The Philadelphia Vision Zero Alliance — a group of more than 30 organizations around Philadelphia dedicated to safer streets for all Philadelphians — sent out a questionnaire to all City Council candidates, asking for their opinions on a host of issues.
The below answers are from Allan Domb, incumbent Democrat running for City Council at-Large.
Philadelphia is the “most biked” big city in the United States, but lacks the high quality infrastructure necessary to make cycling accessible to people of all ages and abilities to use a bicycle to get around the City. Will you actively support installing at least 40 miles of protected bike lanes by 2025?
I will. In my first term, I voted for eight bills that authorized the Department of Streets to designate bicycle lanes across the city, and I will continue to support similar bills.
If you answered yes, what do you believe is the most effective action City Council should do to provide Philadelphians of all ages and abilities with stress-free access to walking and biking throughout the city?
I believe that all bicycle lanes and walkways in Philadelphia should be safe and accessible to all citizens. Firstly, it is not acceptable for parked cars to block anyone’s access to designated travel space. The fines and penalties that the City has in place should be enforced and even strengthened in areas where the issue is particularly dire. Additionally, clear lines of sight are imperative for improving street safety across Philadelphia, and daylighting is an important step towards preventing avoidable incidents. We should be ambitious in our goals for implementation of daylighting.
We should also commit to a street sweeping program that keeps our city clean. No one wants to wade through trash when they’re walking through Philadelphia, and it should be the responsibility of City Council to tackle the city’s trash problem.
A 2012 law gives City Council, not engineers, final authority over the installation of protected bike lanes that replace a travel lane. This has led to a process that can take several years to install safe infrastructure for cyclists and pedestrians, especially when compared to Philadelphia’s peer cities. As a City Councilperson, will you support rescinding this law and giving final authority back to engineers?
I would be willing to explore this option. Empowering engineers to make decisions surrounding bike lines could speed up the installation process. However, I believe that City Council should still have oversight to make sure that these projects are being completed in both timely and safe fashions.

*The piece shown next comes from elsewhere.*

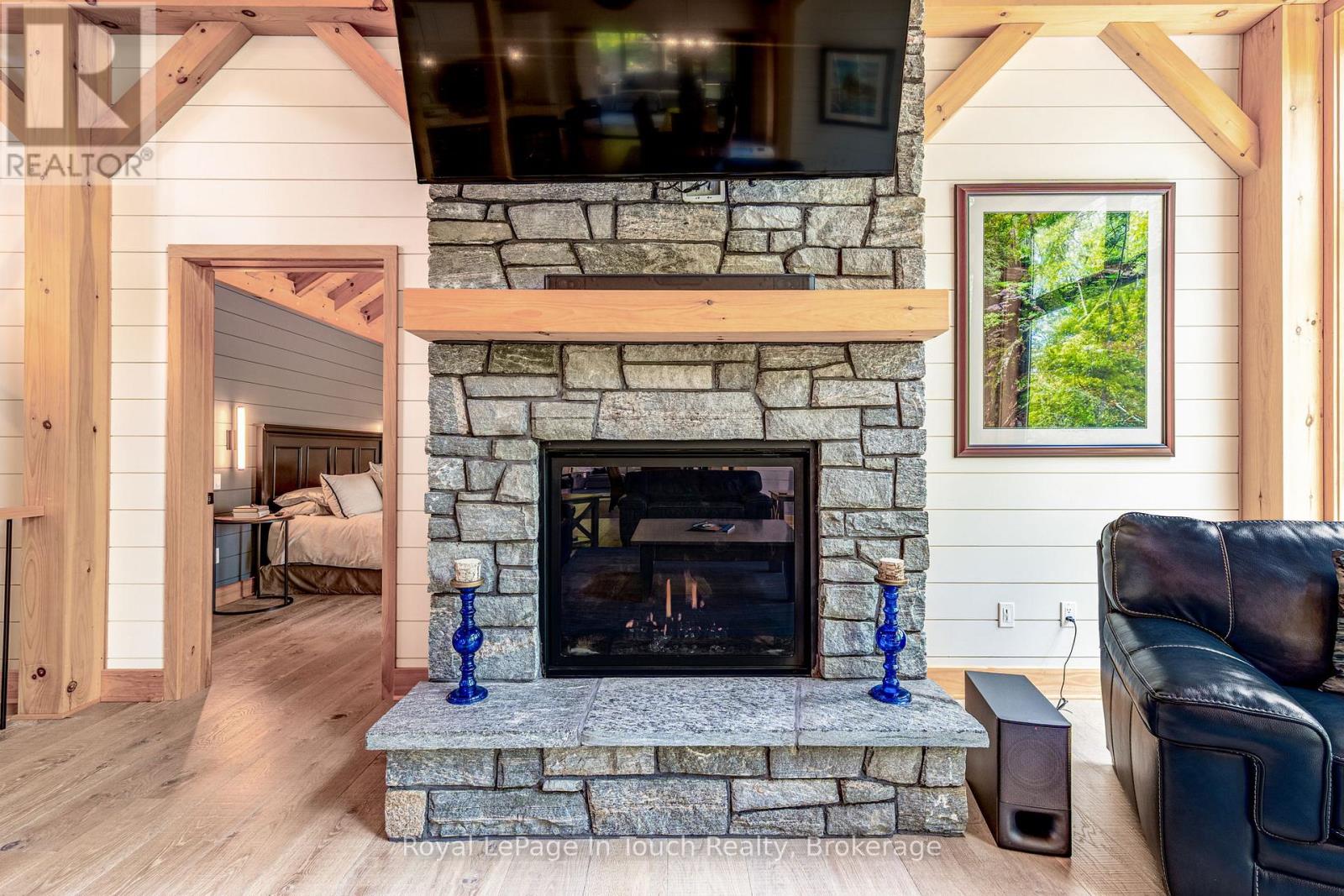 14 Carling Cove Drive, Carling, Ontario  P0G 1G0 - Photo 11 - X13410776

Simple fixes like added pedestrian lead times at intersections and speed humps can make streets safer, but are difficult to request and even more difficult to enact and install. How can Council help make these, and other, safe streets processes easier and more transparent for local communities?
I believe that City Council should do a more thorough job of examining the successes and shortcomings of Vision Zero projects and goals. By studying how Vision Zero projects have been working and ways we can best improve them, we can work together to prioritize important steps such adding pedestrian lead times.
The City’s congestion and parking challenges are impacting the daily lives of Philadelphians and transportation is Philadelphia’s second largest contributor to carbon emissions and air pollution. Will you commit to addressing these problems by authorizing new, clean transportation options like shared electric bikes and scooters and expanding safe infrastructure for their use?
Philadelphia does not dedicate funds to maintaining its Vision Zero projects. Would you support dedicated funds in the city budget for maintaining Vision Zero projects like protected bike lanes, re-striping crosswalks and bike lanes, filling in potholes quickly, and replacing physical infrastructure like flex-posts and curbing?
I would. The Streets Department already allocates some of its budget to projects that align with Vision Zero goals, but I would be open to working with my colleagues to find the best way to dedicate funds so that we are making sure that Vision Zero projects are being tended to.
The Philadelphia Vision Zero Alliance is a coalition of 30 local organizations dedicated to bringing Philadelphia’s traffic deaths down to zero. The Vision Zero Alliance, and the Bicycle Coalition of Greater Philadelphia, does NOT endorse candidates. These answers are solely for you to form an opinion on candidates running for office in the 2019 City Council primary.